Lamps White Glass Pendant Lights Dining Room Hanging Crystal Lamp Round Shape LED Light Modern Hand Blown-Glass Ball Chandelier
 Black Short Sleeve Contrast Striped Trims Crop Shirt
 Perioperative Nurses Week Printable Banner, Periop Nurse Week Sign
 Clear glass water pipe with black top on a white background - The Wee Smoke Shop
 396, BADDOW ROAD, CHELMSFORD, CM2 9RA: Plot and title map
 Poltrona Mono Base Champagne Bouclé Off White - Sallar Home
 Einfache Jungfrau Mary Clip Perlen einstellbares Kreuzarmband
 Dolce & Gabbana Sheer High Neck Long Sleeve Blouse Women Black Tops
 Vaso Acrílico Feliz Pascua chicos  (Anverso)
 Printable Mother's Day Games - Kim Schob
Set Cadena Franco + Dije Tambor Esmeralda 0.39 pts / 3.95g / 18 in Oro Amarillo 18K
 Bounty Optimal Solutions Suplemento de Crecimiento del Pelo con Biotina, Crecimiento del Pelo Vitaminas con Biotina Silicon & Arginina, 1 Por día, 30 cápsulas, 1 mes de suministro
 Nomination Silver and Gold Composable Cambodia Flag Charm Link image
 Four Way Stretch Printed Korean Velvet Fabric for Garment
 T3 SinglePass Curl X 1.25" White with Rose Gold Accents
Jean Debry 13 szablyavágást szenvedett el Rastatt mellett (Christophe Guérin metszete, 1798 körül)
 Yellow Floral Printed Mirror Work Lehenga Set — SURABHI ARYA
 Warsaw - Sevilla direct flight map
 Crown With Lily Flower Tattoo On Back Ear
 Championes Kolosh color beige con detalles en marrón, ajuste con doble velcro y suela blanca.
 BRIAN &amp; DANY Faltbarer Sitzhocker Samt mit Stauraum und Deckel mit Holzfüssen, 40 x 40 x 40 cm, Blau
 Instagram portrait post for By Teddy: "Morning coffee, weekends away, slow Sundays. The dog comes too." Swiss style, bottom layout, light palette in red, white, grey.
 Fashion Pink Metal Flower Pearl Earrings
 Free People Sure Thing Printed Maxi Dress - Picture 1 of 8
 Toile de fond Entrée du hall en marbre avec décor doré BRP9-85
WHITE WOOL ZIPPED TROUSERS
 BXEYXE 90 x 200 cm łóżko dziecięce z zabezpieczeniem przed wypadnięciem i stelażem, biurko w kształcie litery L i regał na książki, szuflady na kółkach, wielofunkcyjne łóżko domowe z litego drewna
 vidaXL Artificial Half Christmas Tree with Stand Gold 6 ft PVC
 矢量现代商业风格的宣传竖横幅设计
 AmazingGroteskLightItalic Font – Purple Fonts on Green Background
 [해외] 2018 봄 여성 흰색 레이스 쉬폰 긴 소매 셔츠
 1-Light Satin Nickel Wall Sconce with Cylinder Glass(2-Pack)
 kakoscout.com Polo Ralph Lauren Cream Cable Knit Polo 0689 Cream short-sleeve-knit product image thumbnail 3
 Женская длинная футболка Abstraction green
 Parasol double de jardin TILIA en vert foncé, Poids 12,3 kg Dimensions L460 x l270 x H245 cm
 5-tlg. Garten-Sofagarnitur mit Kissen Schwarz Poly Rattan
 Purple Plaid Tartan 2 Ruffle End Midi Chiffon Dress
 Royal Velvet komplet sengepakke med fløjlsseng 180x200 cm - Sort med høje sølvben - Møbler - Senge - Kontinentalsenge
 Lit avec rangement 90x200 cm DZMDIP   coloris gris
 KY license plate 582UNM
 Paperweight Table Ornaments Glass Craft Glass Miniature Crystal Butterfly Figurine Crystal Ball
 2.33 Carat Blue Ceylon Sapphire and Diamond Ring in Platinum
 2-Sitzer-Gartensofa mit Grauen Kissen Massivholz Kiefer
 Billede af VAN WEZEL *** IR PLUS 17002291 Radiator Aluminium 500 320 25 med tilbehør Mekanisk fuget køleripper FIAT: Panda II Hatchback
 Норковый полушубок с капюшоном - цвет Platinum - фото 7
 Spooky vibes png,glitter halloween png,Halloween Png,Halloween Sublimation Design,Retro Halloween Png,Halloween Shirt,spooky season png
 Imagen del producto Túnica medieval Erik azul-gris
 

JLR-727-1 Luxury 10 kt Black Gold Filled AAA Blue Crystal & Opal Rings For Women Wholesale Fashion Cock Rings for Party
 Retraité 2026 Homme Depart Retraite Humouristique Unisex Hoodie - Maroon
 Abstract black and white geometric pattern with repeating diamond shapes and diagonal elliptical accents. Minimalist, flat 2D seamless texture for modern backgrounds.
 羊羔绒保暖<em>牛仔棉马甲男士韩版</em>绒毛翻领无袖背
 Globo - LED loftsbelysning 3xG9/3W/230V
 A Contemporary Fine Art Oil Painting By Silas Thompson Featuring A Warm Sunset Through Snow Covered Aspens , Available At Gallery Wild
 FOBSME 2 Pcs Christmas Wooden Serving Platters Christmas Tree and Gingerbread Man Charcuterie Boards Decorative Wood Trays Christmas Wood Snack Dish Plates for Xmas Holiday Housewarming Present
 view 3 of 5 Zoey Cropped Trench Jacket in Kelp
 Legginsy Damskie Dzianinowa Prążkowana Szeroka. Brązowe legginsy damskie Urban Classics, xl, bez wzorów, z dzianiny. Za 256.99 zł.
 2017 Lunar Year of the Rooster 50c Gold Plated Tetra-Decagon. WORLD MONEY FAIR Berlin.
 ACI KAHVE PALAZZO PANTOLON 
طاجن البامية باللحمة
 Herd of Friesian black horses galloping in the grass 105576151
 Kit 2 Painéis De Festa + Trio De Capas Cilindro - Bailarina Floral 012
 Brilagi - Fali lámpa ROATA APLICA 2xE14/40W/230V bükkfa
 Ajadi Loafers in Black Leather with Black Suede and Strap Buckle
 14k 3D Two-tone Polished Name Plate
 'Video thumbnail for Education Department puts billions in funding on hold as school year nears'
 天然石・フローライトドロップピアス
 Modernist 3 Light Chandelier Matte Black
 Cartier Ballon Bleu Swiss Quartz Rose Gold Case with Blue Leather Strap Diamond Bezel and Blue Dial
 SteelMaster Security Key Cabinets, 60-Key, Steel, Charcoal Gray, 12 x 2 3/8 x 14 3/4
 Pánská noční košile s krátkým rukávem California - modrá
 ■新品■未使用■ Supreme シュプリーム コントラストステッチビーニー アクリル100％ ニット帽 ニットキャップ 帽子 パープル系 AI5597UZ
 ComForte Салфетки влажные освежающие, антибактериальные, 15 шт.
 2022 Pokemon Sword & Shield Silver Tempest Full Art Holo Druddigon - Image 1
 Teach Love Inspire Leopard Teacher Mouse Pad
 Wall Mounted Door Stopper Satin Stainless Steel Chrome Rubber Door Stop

--------------------

◆ Exercise instructions ◆
The response must hold only the lines above from the line with "Abstract black and" through the line with "Legginsy Damskie Dzianinowa", each copied exactly, both ends kept.

◆ Task answer ◆
 Abstract black and white geometric pattern with repeating diamond shapes and diagonal elliptical accents. Minimalist, flat 2D seamless texture for modern backgrounds.
 羊羔绒保暖<em>牛仔棉马甲男士韩版</em>绒毛翻领无袖背
 Globo - LED loftsbelysning 3xG9/3W/230V
 A Contemporary Fine Art Oil Painting By Silas Thompson Featuring A Warm Sunset Through Snow Covered Aspens , Available At Gallery Wild
 FOBSME 2 Pcs Christmas Wooden Serving Platters Christmas Tree and Gingerbread Man Charcuterie Boards Decorative Wood Trays Christmas Wood Snack Dish Plates for Xmas Holiday Housewarming Present
 view 3 of 5 Zoey Cropped Trench Jacket in Kelp
 Legginsy Damskie Dzianinowa Prążkowana Szeroka. Brązowe legginsy damskie Urban Classics, xl, bez wzorów, z dzianiny. Za 256.99 zł.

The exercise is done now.